I know many dial up folks that use Debian. I would say the day to day
update stuff wont be bad, but a dist-upgrade would be time consuming.
Apt-get is good at resuming upgrades and such if interrupted, but
generally most guys I know plan the 'big' updates and let them run over
night.

But certainly on a dist-upgrade you get the packages from CD instead of
the net. Its just a matter of changing your sources.list file. :)

> I have, in the past, taken my laptop down to bandersnatch and used
> wget to grab all of the updates for Mandrake. With multiple boxes this
> makes life easier and faster.


If you have more than one Debian machine you can 'cache' your Debian
packages locally for the other machines there are several tools/packages
available for this. So you can update/upgrade one machine and have it
store/mirror the packages so the rest of your machines can get locally.

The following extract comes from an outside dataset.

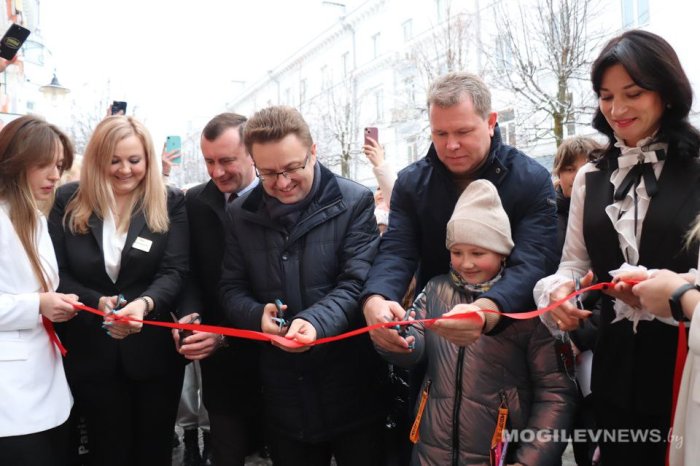 В Могилеве открылся еще один фирменный магазин ОАО «Красный пищевик»!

In fact, many administrators at 100 plus seat organizations just mirror
entire Debian package repository so all their users dont use any 'net'
bandwidth and instead get locally.

> Any words of advice to make this transition a little smoother? How
> much trouble is it to update a box on-the-quick from source to fix a
> security problem if you aren't willing to wait for a deb package? (ie:
> apache and sshd as recent examples) Can this be done without messing
> up the package management or will I be forced to have a 'mixed system'
> like I have with Redhat and 'drake, or wait for the pkgs?


No harder than any other system. You would uninstall the package and
install from source instead. There is a special 'security' source for
sources.list, things like sshd and apache were in debian before things
were publicly announce by a day or so. Generally if is a 'large'
product and there is a vulnerbility it is in Debian ASAP.